Ему и раньше приходилось трудно, но так, как сейчас — никогда. До сих пор гордый и самолюбивый, он теперь готов был на всё. Он соглашался съесть тарелку супа и кусок хлеба, которые хозяева духанов или столовых давали ему из милости. Он чувствовал, что готов взять и из чужой тарелки. Ночевал он в подъездах, забираясь в темные углы, стараясь остаться незамеченным под лестницей, скорчиться так, чтобы меньше ощущать сырой пронизывающий холод. К утру тело застывало, и он с трудом разгибался. Глубокий кашель не оставлял его, ноги, руки, спина, грудь болели. Ноги были мокрые, и, глотая свой суп в духане, он осторожно стаскивал дырявые башмаки, чтобы немного погреть закоченевшие ступни.

Наконец ему будто бы улыбнулось подобие удачи. Все на той же Молоканской улице[3], ставшей почти родной, потому что он жил на ней в разное время и в разных домах, нашлась работа. Духанщик Абашидзе вдруг заказал картину. О плате деньгами не могло быть и речи: его кормили и давали немного водки — что тоже было счастьем, потому что без водки он уже не мог существовать.

Здесь же неподалеку, на Молоканской, 29[4], отыскалось жилье — крохотная сырая каморка — просто угол, отгороженный в подвале, в одну или полторы квадратные сажени. Спал он прямо на булыжном полу, отодвинув в сторону обломки кирпичей, подостлав какое-то тряпье, которое не защищало тело от торчавших камней. Если удавалось набрать щепок и углей, он разжигал перед сном мангал и ложился, терпя дым, разъедающий глаза.

Нашелся доброжелатель — сосед, сапожник Арчил Майсурадзе (под вывеской «Бедный Шио сапоги шиот»), инвалид с кучей ребятишек на руках. Майсурадзе ничего не понимал в живописи, но видел, что рядом с ним погибает человек: пытался помочь, подкармливал, совал какие-то деньги. Пиросманашвили пробовал отказываться, но он был уже сломлен — брал.
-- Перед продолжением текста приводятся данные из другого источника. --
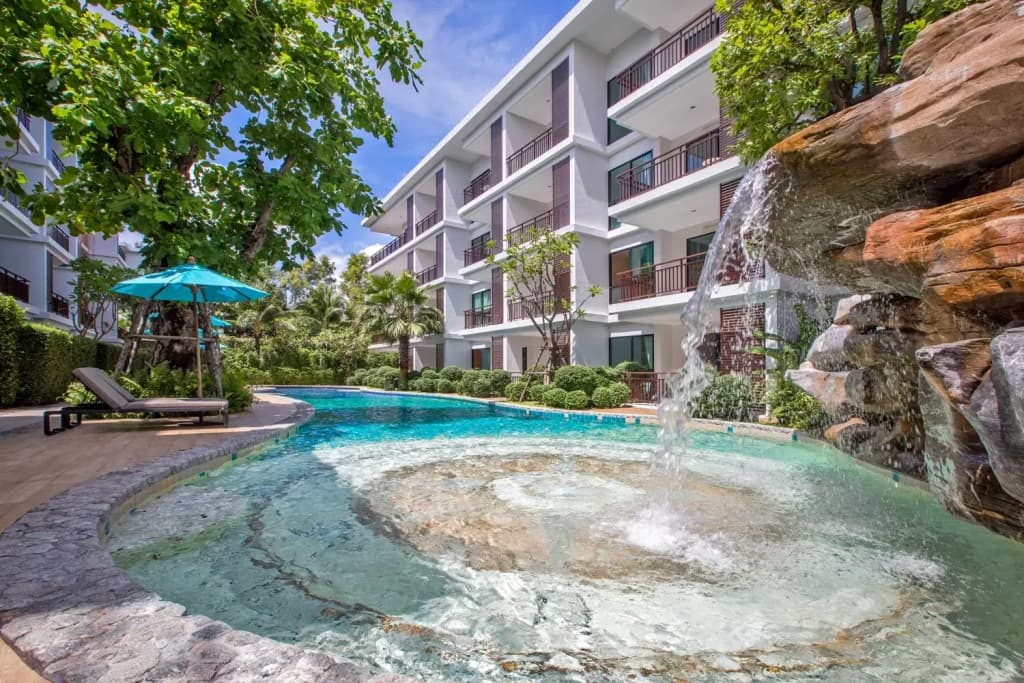 Suite Tarija Rawai Beachfront by TropicLook Apartments - photo 8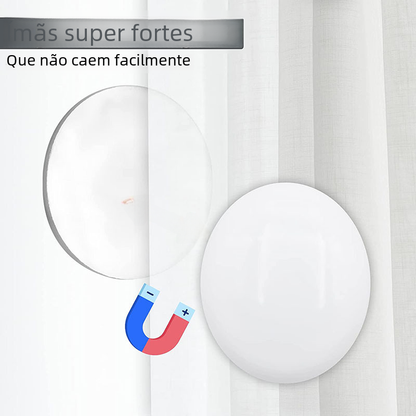 Magnetic Curtain Weights for Tablecloths and Shower Curtains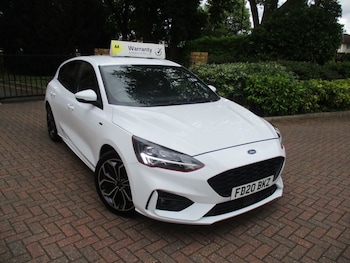 Used Ford Focus 2020 for sale - 78640324: Photo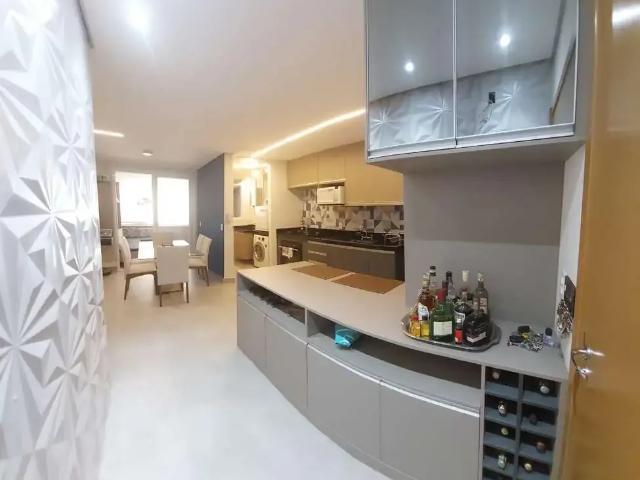 Apartamento para Venda em Jundiaí/SP Horto Florestal 3 Quartos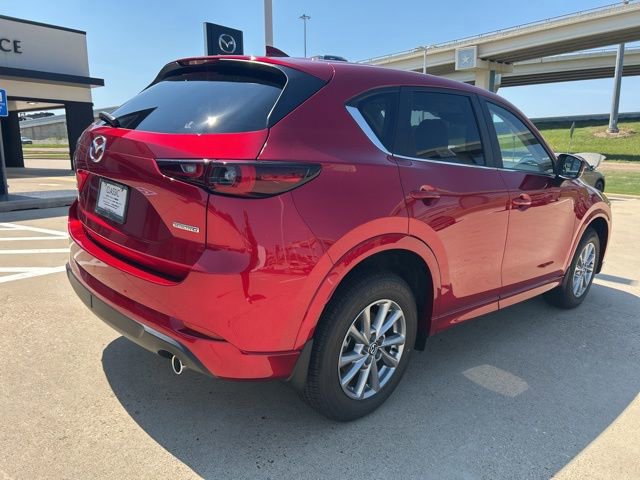 2025 Mazda CX-5 S Select Package - Photo 12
Жизнь кончалась. Однажды вечером Пиросманашвили спустился к себе в подвал. Он был пьян. Он лег на пол, впал в беспамятство и пролежал двое суток. Пришел канун Пасхи. Напуганный, изголодавшийся город готовился к празднику. О Пиросманашвили некому было вспоминать. Лишь на третий день всё тот же Майсурадзе, заглянув в подвал — случайно, он и не подозревал, что художник здесь, — услышал стон в темноте. «Кто там?» — «Это я, — ответил Пиросманашвили. Он уже не узнавал соседа. — Это я. Мне плохо. Я не могу встать».